Utrzymanie się stopy bezrobocia na poziomie z poprzedniego miesiąca jest wyjątkiem – z reguły w okresie zimowym mieliśmy do czynienia ze wzrostem bezrobocia rejestrowanego. Jeśli zdarzały się wyjątki, to przy znacznie wyższym  bezrobociu (np. 2016 - 8,2 proc., 2014 – 11,4 proc., 2007 – 11,2 proc.). - Dane z grudnia wskazują na duży popyt na pracowników – właściwie nie widać sezonowości zatrudnienia, co oznacza, że osoby, które ukończyły prace w jednych branżach są niemal natychmiast zatrudniane w innych, takich gdzie np. pogoda nie ma wpływu na możliwość realizacji zamówień. Niewątpliwie zachętą do podejmowania legalnej pracy są rosnące wynagrodzenia, w tym również płaca minimalna i stosunkowa łatwość uzyskania pracy w związku z obniżeniem wymagań przez pracodawców - mówi Monika Fedorczuk, ekspert Konfederacji Lewiatan. Jak podkreśla, zaledwie 0,4 pkt proc. dzieli grudniowy odczyt od rekordowo niskiej stopy bezrobocia z czasów przed pandemią (w październiku 2019 było 5 proc.).

Czytaj również: MRiPS: Stopa bezrobocia rejestrowanego w grudniu 2021 roku wyniosła 5,4 proc.>>

Brak wystarczającej liczby pracowników

Jak zauważają eksperci, obecnie najpoważniejszym problemem, z którym borykają się pracodawcy jest brak wystarczającej liczby pracowników. - Mamy do czynienia z dużym zróżnicowaniem bezrobocia na terenie kraju.
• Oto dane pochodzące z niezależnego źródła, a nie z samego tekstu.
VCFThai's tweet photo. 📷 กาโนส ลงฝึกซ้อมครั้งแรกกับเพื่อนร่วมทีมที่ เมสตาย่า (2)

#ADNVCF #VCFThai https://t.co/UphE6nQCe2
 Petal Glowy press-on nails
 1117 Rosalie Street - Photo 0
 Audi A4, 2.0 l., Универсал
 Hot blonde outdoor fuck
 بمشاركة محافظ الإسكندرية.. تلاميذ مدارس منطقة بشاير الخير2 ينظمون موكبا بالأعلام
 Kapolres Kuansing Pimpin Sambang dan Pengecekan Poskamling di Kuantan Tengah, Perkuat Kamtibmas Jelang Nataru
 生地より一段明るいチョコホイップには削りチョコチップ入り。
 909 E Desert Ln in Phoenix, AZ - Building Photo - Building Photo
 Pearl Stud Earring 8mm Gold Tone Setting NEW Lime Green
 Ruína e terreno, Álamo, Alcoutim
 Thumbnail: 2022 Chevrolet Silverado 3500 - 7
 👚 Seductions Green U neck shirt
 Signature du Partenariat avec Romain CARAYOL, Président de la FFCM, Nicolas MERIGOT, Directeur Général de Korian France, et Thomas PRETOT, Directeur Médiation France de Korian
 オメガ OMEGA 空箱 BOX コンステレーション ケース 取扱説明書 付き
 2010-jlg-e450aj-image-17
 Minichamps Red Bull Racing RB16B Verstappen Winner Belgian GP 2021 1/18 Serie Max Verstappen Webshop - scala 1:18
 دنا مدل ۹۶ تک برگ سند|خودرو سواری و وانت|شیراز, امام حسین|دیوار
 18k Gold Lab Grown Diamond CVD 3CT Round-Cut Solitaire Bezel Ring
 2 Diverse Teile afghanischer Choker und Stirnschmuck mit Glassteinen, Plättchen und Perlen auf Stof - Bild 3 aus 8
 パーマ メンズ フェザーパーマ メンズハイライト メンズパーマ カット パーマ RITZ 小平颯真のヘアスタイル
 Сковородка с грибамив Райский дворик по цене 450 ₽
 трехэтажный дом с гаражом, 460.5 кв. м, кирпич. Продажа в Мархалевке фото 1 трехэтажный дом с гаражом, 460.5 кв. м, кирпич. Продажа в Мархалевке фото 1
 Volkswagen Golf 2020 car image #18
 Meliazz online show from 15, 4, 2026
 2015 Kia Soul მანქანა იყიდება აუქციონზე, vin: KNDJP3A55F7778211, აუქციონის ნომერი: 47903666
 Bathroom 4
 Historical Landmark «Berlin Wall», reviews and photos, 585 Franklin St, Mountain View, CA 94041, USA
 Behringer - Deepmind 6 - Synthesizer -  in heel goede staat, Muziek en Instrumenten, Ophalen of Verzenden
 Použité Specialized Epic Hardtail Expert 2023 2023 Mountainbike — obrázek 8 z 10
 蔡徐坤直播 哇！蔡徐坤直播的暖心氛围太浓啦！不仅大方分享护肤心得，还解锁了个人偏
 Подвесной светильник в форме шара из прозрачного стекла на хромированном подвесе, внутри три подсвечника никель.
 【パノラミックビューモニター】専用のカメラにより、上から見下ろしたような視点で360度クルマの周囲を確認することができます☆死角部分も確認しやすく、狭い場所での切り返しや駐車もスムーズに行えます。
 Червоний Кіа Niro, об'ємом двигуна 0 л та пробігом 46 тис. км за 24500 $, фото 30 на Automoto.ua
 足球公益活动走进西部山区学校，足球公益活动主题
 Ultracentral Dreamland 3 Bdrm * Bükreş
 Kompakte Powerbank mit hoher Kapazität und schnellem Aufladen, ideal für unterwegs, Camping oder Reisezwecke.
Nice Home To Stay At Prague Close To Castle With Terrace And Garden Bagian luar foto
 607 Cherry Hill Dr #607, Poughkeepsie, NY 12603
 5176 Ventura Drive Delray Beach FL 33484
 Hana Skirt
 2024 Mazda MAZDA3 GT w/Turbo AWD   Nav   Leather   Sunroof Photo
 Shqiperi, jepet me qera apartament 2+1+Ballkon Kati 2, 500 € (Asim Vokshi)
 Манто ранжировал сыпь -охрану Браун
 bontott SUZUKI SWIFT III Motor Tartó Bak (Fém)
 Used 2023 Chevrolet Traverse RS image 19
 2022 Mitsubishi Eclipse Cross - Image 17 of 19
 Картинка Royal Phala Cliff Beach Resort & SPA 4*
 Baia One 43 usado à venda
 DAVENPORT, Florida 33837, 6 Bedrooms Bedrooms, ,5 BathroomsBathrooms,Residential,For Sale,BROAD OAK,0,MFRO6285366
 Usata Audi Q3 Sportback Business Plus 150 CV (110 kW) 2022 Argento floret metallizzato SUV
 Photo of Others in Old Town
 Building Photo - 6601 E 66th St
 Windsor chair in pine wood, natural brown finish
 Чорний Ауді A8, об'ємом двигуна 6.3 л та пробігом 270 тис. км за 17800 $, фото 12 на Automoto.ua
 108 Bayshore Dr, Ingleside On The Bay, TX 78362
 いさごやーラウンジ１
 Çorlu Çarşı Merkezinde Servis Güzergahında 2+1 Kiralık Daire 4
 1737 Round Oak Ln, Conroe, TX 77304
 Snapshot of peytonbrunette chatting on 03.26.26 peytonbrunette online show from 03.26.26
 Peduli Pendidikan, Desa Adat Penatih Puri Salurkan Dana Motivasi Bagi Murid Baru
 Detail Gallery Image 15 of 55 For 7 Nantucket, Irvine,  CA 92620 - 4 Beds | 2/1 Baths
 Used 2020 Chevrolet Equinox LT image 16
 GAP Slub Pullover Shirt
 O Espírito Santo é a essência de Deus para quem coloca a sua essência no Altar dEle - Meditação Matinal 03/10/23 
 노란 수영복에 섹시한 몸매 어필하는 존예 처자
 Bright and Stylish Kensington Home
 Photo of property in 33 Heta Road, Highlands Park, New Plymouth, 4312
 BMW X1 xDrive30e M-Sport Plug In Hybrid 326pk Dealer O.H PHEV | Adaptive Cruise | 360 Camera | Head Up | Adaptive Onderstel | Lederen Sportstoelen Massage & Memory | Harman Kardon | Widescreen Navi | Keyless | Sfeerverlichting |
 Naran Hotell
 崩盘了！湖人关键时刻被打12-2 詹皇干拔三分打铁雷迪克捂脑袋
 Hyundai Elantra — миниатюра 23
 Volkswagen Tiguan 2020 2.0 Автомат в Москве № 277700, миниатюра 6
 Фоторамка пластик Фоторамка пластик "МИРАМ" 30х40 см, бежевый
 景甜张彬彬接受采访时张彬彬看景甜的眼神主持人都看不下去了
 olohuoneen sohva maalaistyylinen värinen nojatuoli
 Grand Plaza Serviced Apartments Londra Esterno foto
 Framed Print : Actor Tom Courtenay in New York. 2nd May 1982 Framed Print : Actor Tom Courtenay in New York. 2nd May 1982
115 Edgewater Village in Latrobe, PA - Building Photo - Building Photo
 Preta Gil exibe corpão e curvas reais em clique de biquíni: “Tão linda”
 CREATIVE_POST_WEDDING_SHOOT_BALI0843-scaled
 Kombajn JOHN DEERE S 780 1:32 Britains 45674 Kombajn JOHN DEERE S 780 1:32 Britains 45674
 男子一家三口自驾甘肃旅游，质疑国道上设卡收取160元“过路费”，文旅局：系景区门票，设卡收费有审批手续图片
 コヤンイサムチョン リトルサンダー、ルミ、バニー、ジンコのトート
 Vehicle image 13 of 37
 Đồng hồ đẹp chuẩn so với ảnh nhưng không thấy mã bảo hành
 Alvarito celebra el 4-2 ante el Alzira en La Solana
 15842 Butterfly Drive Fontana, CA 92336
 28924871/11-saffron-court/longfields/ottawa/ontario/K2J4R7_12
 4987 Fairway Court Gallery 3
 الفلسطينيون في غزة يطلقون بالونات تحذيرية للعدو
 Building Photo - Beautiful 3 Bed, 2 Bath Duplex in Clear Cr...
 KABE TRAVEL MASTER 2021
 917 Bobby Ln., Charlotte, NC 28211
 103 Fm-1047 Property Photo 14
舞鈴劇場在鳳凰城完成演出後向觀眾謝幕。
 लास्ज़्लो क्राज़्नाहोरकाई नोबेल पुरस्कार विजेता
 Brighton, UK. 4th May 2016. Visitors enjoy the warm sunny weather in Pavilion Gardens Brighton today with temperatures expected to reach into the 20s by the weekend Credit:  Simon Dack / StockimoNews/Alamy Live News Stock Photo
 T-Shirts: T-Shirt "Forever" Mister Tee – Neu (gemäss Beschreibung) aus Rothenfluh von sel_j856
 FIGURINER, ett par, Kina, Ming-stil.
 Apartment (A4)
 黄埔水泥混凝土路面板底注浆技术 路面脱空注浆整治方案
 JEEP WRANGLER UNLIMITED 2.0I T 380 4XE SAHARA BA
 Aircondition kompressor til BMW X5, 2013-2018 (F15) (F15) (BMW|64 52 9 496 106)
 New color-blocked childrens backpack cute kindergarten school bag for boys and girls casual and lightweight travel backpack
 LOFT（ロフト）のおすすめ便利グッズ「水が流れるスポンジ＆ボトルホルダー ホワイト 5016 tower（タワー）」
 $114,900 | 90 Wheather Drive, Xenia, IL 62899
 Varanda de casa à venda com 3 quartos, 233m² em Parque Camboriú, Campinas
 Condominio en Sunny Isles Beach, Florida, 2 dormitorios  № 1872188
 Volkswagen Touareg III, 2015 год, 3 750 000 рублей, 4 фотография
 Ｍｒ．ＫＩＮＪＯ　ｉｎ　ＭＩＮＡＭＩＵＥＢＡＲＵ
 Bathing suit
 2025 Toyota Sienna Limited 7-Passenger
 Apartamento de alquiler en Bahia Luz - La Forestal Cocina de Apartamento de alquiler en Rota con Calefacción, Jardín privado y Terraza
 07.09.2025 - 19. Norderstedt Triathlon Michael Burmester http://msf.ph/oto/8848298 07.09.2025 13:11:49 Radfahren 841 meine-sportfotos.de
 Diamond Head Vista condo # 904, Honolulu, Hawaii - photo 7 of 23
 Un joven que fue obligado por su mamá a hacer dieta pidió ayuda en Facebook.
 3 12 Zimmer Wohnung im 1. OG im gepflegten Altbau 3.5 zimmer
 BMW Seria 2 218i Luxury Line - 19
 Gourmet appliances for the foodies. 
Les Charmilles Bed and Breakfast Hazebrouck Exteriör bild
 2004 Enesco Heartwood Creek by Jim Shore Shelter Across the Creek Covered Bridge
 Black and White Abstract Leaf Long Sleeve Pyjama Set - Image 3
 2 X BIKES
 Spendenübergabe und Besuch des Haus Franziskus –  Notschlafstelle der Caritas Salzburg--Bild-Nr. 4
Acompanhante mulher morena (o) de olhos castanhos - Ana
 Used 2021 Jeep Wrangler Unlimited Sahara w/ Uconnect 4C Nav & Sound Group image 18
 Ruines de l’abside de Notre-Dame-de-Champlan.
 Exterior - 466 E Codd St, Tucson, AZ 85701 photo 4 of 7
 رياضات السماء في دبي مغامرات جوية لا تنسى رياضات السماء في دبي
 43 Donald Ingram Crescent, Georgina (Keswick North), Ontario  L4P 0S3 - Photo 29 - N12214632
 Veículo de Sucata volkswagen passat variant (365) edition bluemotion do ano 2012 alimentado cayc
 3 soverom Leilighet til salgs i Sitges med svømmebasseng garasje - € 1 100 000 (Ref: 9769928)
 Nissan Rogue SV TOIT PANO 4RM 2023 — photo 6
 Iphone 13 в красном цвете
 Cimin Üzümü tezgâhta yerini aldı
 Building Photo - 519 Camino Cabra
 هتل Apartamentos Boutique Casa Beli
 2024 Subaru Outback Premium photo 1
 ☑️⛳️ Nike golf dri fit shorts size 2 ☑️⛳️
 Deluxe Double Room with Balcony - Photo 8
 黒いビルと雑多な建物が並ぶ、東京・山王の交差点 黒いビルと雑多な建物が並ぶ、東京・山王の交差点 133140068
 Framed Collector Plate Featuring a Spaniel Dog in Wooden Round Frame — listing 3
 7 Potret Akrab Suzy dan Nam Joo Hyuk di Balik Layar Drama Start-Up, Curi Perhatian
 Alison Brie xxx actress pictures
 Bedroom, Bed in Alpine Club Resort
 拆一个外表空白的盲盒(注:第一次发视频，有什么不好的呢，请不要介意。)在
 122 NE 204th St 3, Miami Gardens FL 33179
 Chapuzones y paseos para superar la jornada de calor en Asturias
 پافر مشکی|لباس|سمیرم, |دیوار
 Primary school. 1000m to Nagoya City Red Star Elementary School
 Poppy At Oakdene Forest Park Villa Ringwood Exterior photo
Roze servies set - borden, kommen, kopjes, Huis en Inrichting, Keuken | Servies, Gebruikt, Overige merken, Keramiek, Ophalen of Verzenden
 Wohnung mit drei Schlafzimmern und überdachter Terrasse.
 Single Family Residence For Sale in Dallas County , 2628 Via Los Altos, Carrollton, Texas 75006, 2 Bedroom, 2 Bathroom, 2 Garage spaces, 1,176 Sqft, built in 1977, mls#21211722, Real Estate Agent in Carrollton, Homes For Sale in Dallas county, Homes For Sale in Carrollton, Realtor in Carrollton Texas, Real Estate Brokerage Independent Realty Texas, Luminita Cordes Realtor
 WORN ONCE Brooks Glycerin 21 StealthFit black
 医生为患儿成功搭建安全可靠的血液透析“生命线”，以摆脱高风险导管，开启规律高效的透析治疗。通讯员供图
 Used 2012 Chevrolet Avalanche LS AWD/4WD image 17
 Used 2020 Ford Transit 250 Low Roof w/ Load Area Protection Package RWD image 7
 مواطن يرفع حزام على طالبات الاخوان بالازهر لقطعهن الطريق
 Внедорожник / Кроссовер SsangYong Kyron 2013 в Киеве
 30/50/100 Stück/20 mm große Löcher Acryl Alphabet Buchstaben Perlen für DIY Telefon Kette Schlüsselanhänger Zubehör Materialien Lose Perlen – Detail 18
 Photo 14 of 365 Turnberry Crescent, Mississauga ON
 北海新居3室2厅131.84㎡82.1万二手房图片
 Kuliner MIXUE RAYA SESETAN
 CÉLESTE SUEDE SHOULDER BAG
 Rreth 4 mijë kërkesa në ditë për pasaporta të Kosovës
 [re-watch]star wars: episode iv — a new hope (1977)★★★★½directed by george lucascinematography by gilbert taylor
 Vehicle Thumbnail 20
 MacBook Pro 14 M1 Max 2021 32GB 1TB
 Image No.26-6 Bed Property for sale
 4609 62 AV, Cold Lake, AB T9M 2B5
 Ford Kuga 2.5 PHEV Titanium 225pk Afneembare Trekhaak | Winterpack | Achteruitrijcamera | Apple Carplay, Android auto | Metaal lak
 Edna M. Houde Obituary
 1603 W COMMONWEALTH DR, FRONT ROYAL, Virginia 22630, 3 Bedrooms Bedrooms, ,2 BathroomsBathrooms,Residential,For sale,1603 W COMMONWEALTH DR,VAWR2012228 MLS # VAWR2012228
W niektórych powiatach jest ono  poniżej 3 proc., a więc poniżej poziomu przyjmowanego jako naturalny dla rynku pracy, wynikający m.in. z przerw w zatrudnieniu – podkreśla Fedorczuk. Według niej, fakt, iż na rynku pracy nadal mamy powiaty, gdzie – mimo tak dużego popytu na pracę – bezrobocie przekracza 10 a nawet 15 proc. oznacza, że problemy te mają charakter strukturalny.

- Na nowo należałoby się zastanowić na definicją osoby bezrobotnej i kryteriów, które pozwalają uzyskać i utrzymać ten status. W gronie osób zarejestrowanych w powiatowych urzędach pracy są również takie, które de facto nie mają zdolności do podjęcia i utrzymania zatrudnienia bez uprzedniego, kompleksowego wsparcia, również w zakresie zmiany postaw, co jest procesem zarówno trudnym, jak i długotrwałym. Nie można zatem utożsamiać liczby osób zarejestrowanych jako bezrobotne z rozmiarem zasobów pracy, które stosunkowo łatwo mogą zostać włączone w rynek pracy - zaznacza Monika Fedorczuk.